BRIEF:
With the exception of the pictures, write out the data below precisely.

INFORMATION SUPPLIED:
#####
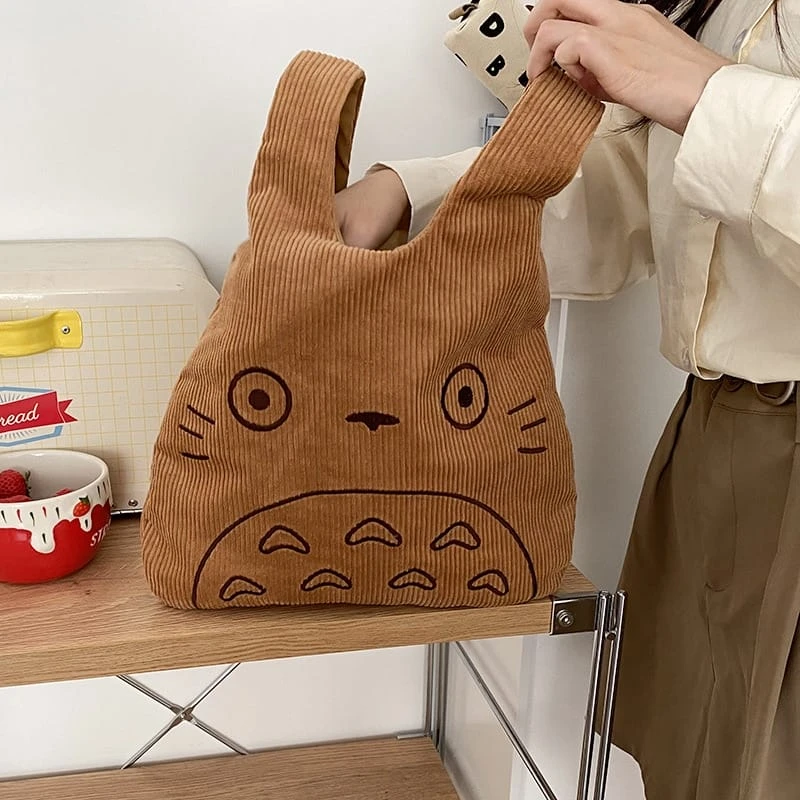 My Neighbor Totoro Cartoon Corduroy Tote Bag - Image 18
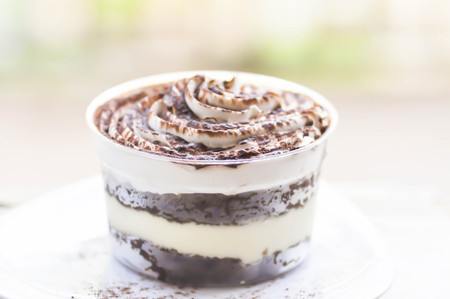 tiramisu cake in the cup,tiramisu(Italian dessert)の写真素材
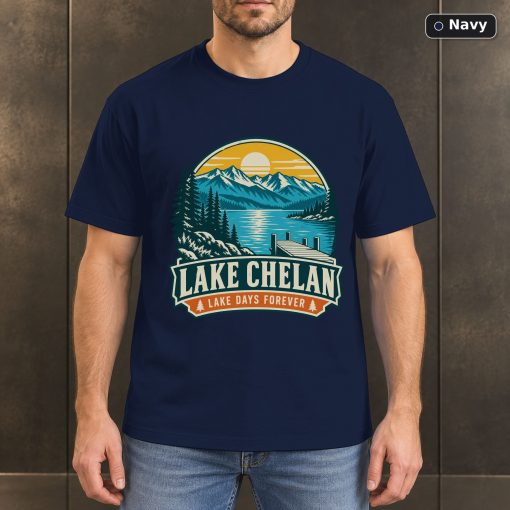 Lake Chelan Washington Retro T-Shirt Design 4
#####
RESULT:
 My Neighbor Totoro Cartoon Corduroy Tote Bag - Image 18
 tiramisu cake in the cup,tiramisu(Italian dessert)の写真素材
 Lake Chelan Washington Retro T-Shirt Design 4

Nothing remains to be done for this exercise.